Shut down one blade

This page describes how to shut down and reboot any one blade of Google Distributed Cloud (GDC) air-gapped appliance, for example to move the device to maintain a blade.

Before you begin

Ensure you stop all workloads before proceeding further. Google cannot guarantee what will happen if workloads are active during a shutdown.

If you want to shut down all the blades, follow Shut down the device. When following these instructions, shut down only one blade and keep Google Distributed Cloud (GDC) air-gapped appliance running with two active blades.

Prerequisites

You can execute this runbook on a laptop or workstation connected to Google Distributed Cloud (GDC) air-gapped appliance's network.

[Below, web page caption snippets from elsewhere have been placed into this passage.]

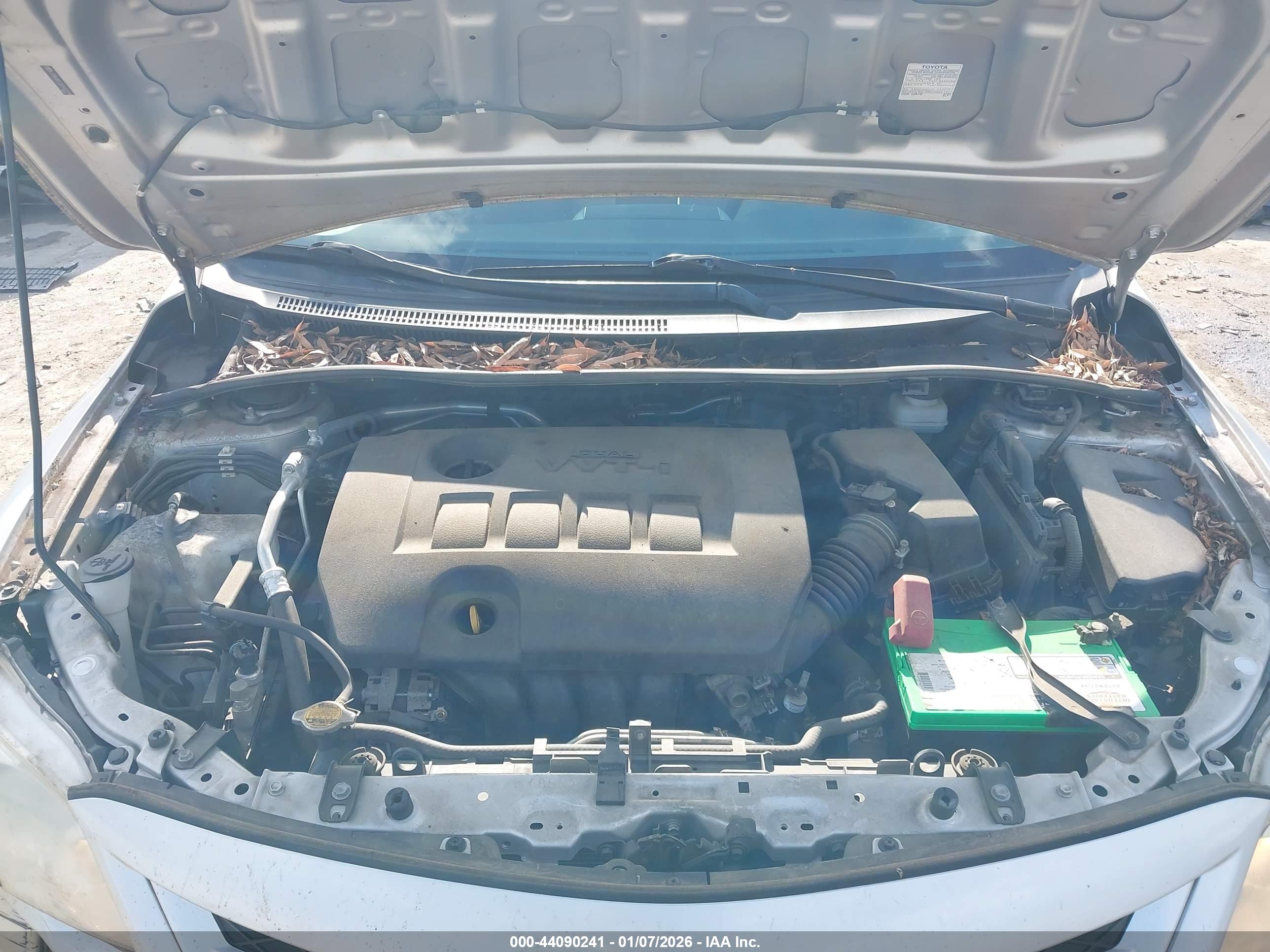 TOYOTA COROLLA image 10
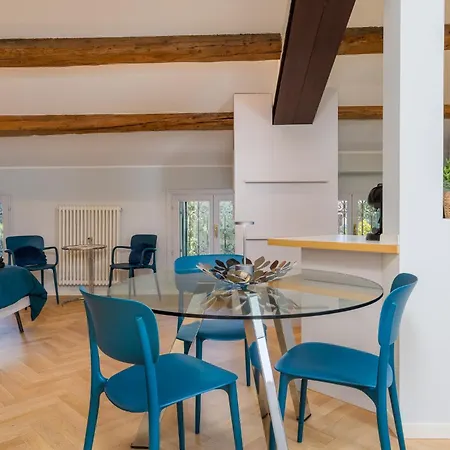 Design Luxury Flat, Privacy & Comfort A דירה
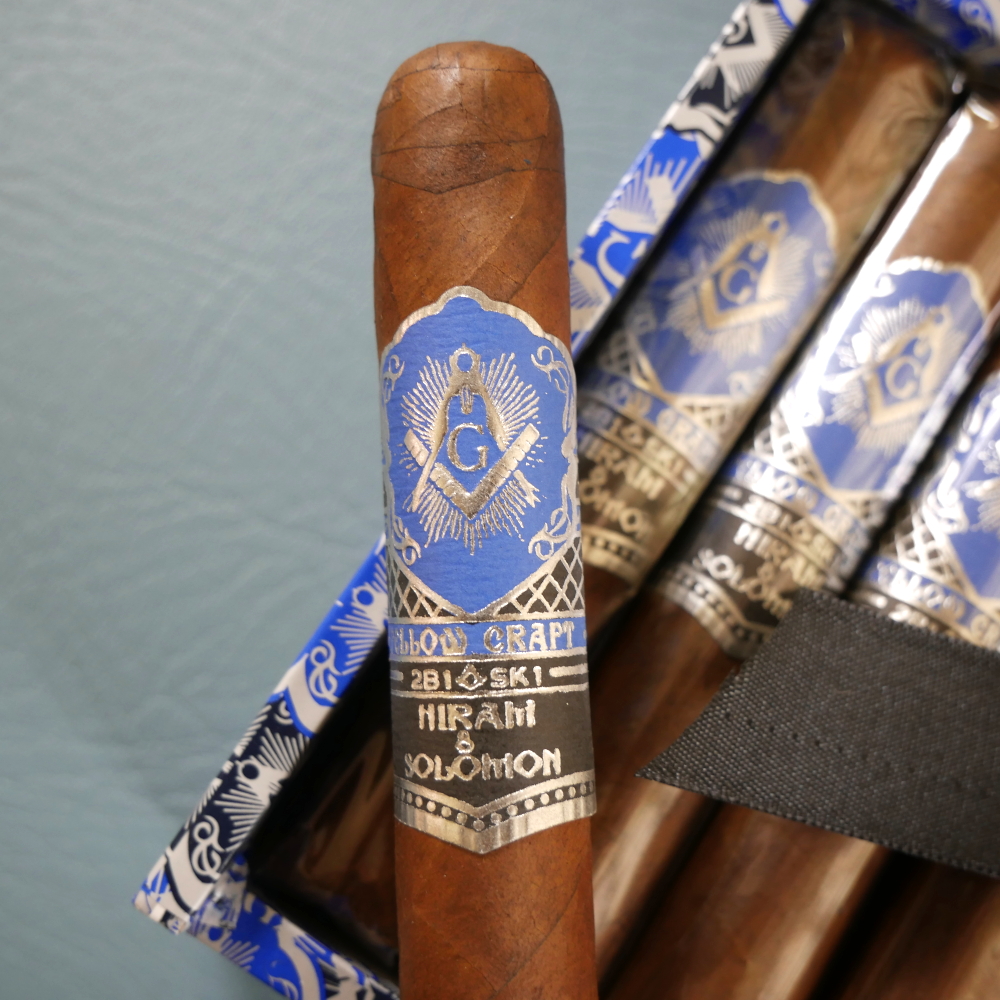 Hiram & Solomon Fellow Craft Robusto Cigar - 1 Single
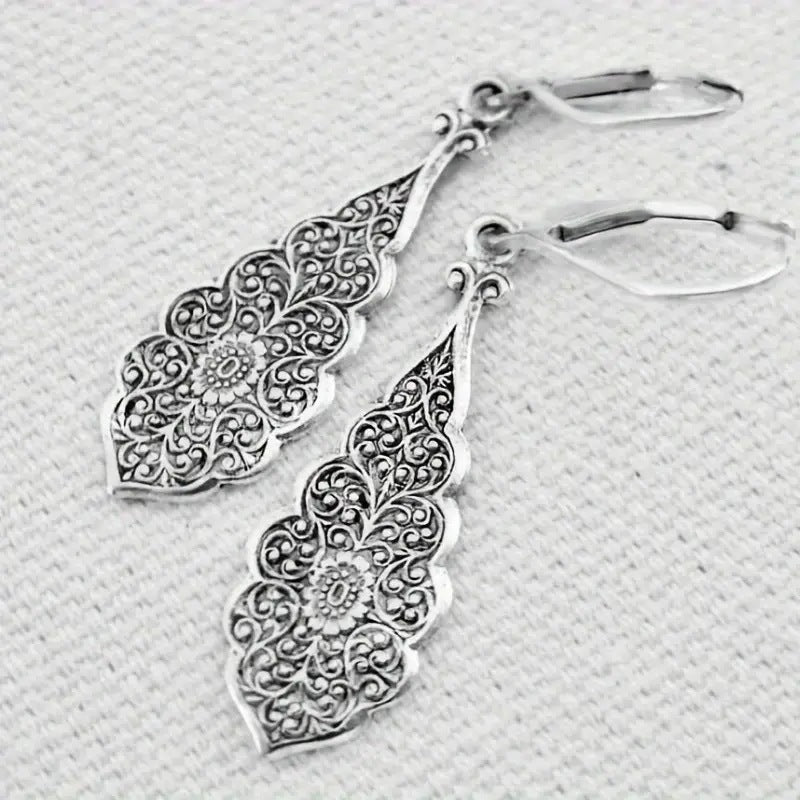 Retro Minimalist Hollow Pattern Earrings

Alternatively, you can connect a laptop or workstation to switch by following Connect the device.
Make sure you have the access to Kubeconfig for the root-admin cluster.
Set correct KUBECONFIG environment variable by running export KUBECONFIG=<path to kubeconfig>.

Shut down the blade

Get the node information by running kubectl get nodes -A. Determine NODE_NAME of blade to shut down.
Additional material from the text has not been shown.